After traveling for 27 hours straight, I thought of the Apostle Paul’s troubles in travel (see 2 Corinthians 11.23-28). I reminded myself that international travel is a bit of a marathon but even the stress of long lines at passport control and the weariness of crossing time zones is nothing compared to shipwrecks and robbers!
Unlike Paul and his companions, we had a beautiful hotel with views of the Aegean Sea and comfortable beds at the end of our journey.

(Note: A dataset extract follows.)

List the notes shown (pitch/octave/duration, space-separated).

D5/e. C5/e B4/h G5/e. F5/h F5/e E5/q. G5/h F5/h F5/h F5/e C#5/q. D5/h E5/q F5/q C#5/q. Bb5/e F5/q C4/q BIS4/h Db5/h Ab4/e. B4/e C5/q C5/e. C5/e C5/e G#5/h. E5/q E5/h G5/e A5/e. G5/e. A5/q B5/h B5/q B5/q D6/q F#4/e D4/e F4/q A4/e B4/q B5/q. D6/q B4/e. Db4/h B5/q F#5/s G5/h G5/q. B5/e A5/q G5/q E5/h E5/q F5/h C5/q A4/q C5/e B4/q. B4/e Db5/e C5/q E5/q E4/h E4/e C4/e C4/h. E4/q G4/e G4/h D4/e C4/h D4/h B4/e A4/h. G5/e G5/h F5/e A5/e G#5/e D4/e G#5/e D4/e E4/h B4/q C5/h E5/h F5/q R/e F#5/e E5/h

Our trip to Ephesus was mind boggling. Ephesus is one of the best preserved archeological sites in Europe. We walked down the same broad streets that Paul and companions walked down, saw terrace houses, one of which was probably the site of the “school” or “hall” of Tyrannus (See Acts 19 for more details), the agora or public meeting place where the riot started, and the theater where the Ephesians gathered during the riot over Paul’s teaching of “the Way.” The houses were full of intricate mosaic floors and beautiful frescoed walls which have been uncovered and partially restored. Probably the library is the most impressive with its towering facade. Interesting to think of Paul perhaps disputing with students of philosophy during the three years (during both his second and third missionary journey) he was in Ephesus.
I am still pondering the immense challenges that the Christian message faced in this first century culture. People in a city like Ephesus had it all — culture, entertainment, decent plumbing(!), beauty, religion, philosophy. Why would they be at all receptive to Paul’s message that the true God of the universe had come in the person of a Jew from an obscure part of the empire? What would open their minds to the heart of the Gospel — that sin was real and that this man, Jesus, had died on the Roman instrument of torture for them? What an unlikely message to bring to a city and culture whose artifacts are still amazingly stunning and impressive 2,000 years later!
What courage Paul and his companions had to continue preaching this message even in the face of riots and persecutions! Paul wrote these words to the church in Corinth: “For Jews demand signs and Greeks seek wisdom, but we preach Christ crucified, a stumbling block to Jews and folly to Gentiles, but to those who are called, both Jews and Greeks, Christ the power of God and the wisdom of God. For the foolishness of God is wiser than men, and the weakness of God is stronger than men” (1 Co. 1.22-25).
On a more personal note, we’ve had lots of adventures, both the kind you treasure and the kind you can laugh about later. Our Air BnB lost power for most of 2 days and we shuttled back and forth between two hotels. I had hoped to post more entries and get them up sooner. But such are the serendipities of traveling!